» **TASK STATEMENT**
The answer must be the lines from the one that holds "A bbq area with a life preserver on the wall" through the final line of the data, copied exactly, with no pictures.
--- EXERCISE DATA ---
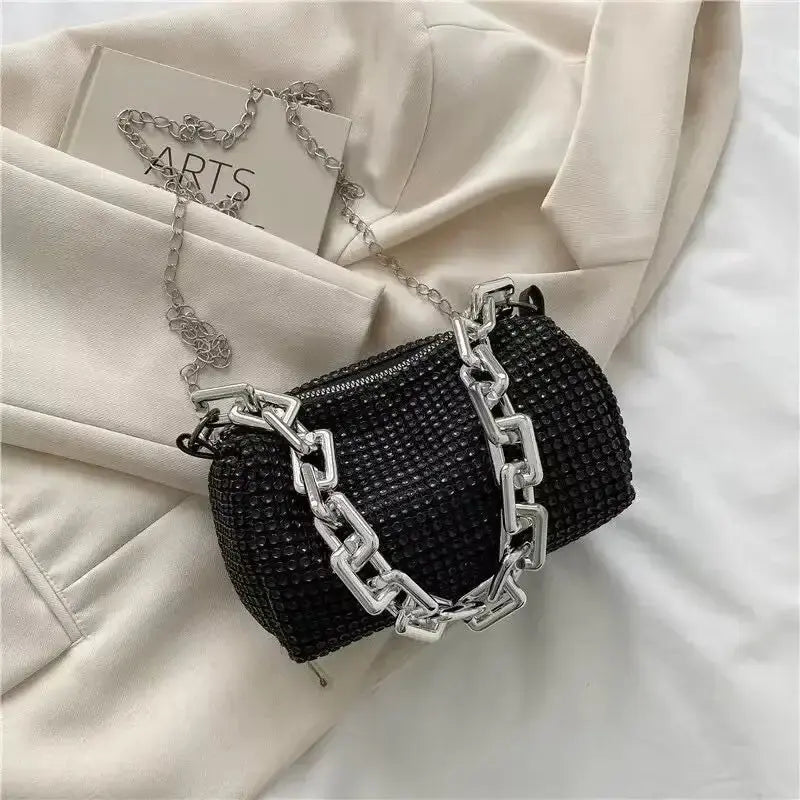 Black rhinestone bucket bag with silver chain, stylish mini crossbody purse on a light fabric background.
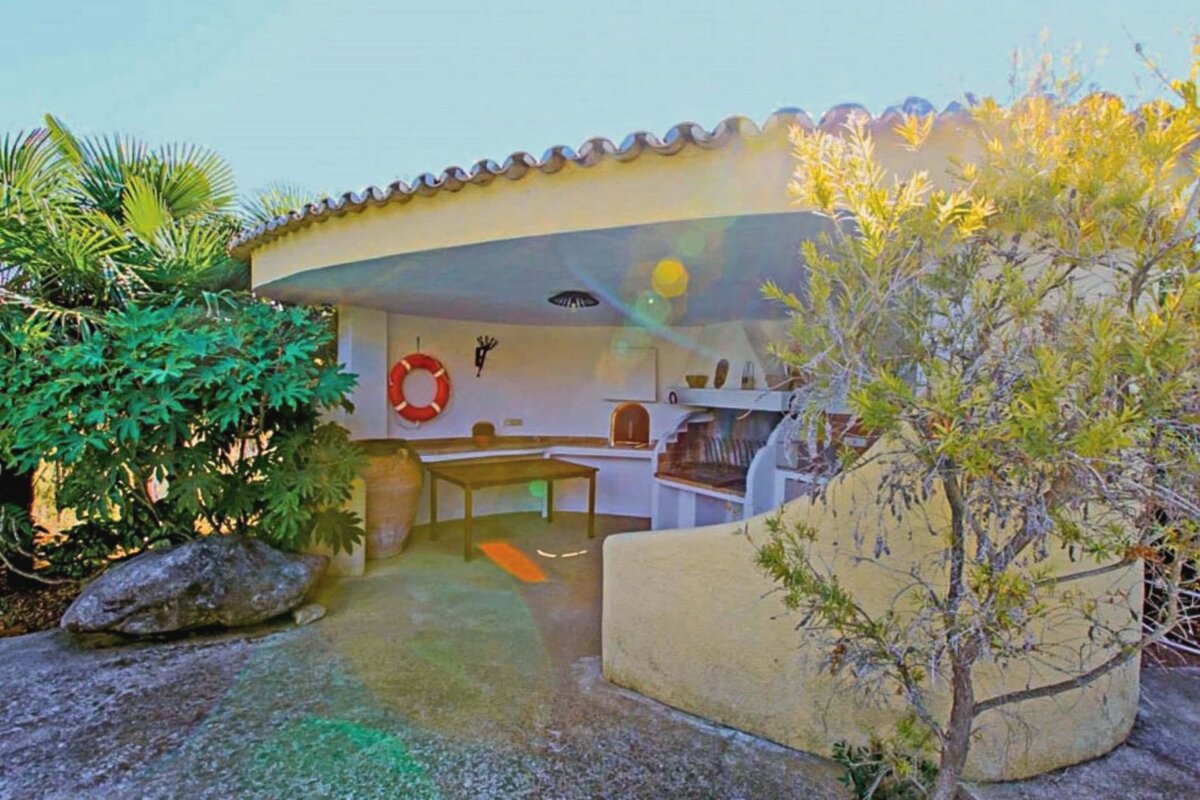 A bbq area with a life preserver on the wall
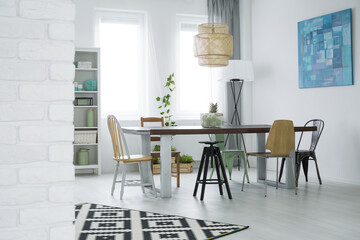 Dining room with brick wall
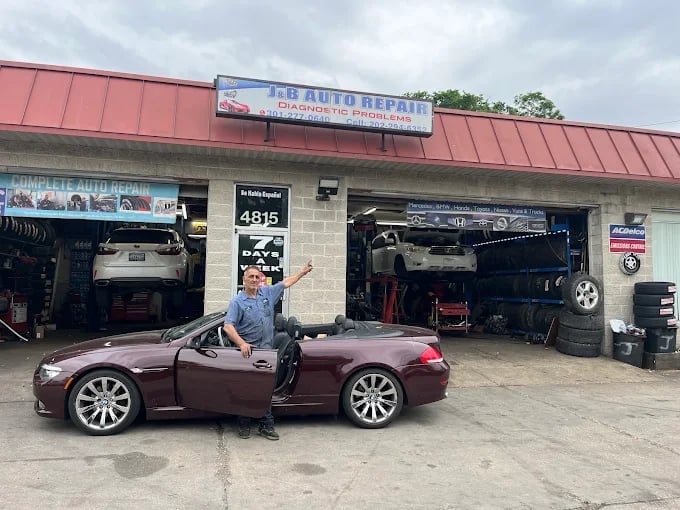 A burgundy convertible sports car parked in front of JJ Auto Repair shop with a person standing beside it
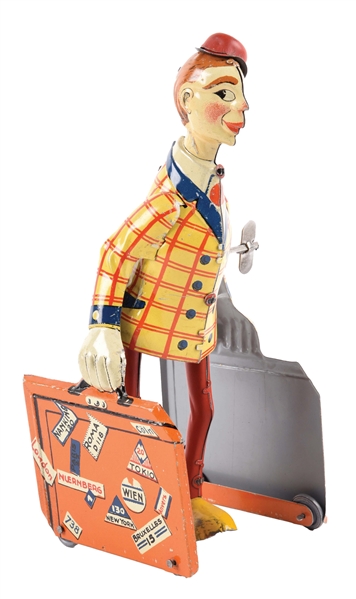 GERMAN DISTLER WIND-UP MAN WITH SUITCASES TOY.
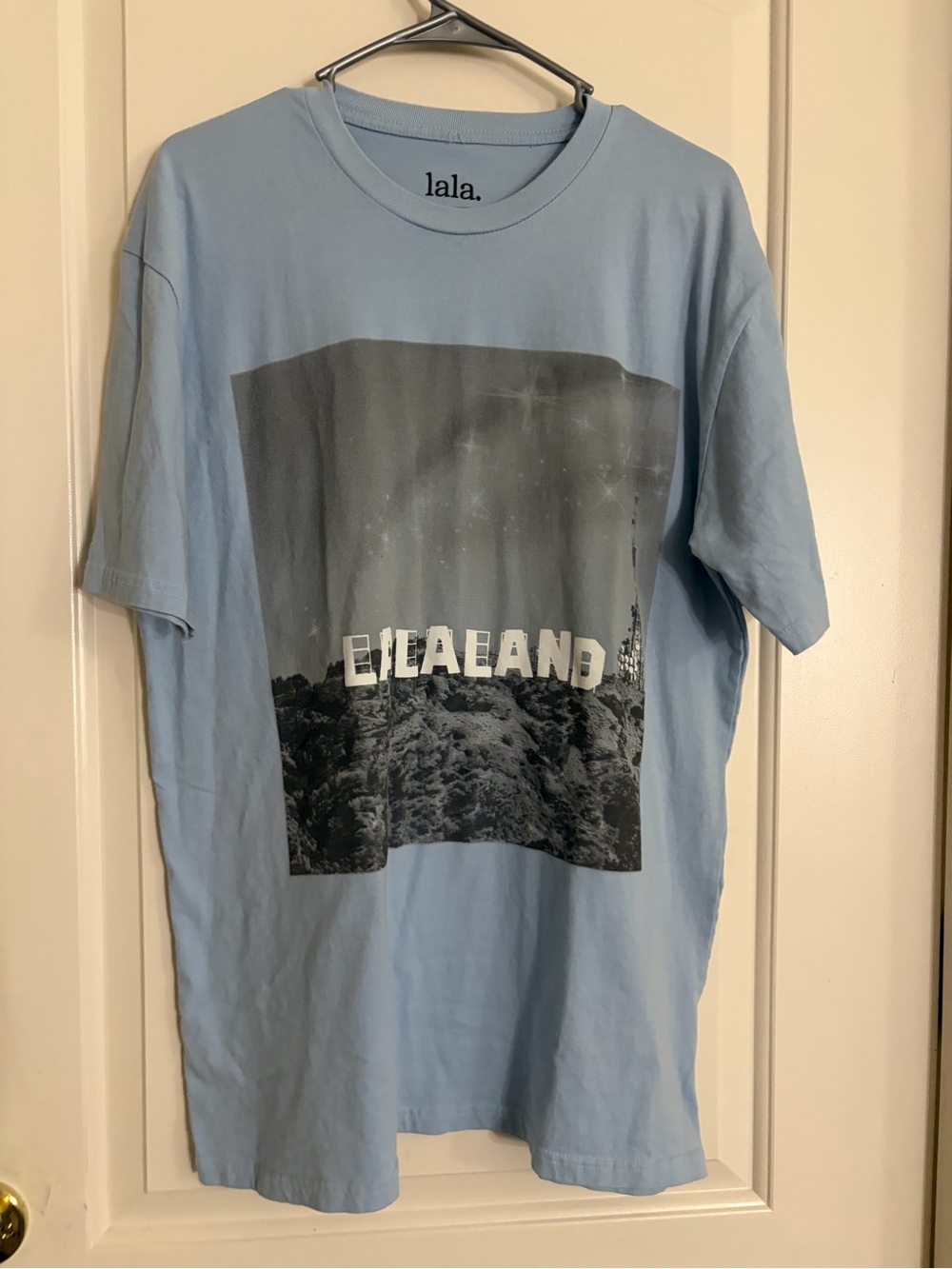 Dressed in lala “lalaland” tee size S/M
---
» **THE ANSWER**
 A bbq area with a life preserver on the wall
 Dining room with brick wall
 A burgundy convertible sports car parked in front of JJ Auto Repair shop with a person standing beside it
 GERMAN DISTLER WIND-UP MAN WITH SUITCASES TOY.
 Dressed in lala “lalaland” tee size S/M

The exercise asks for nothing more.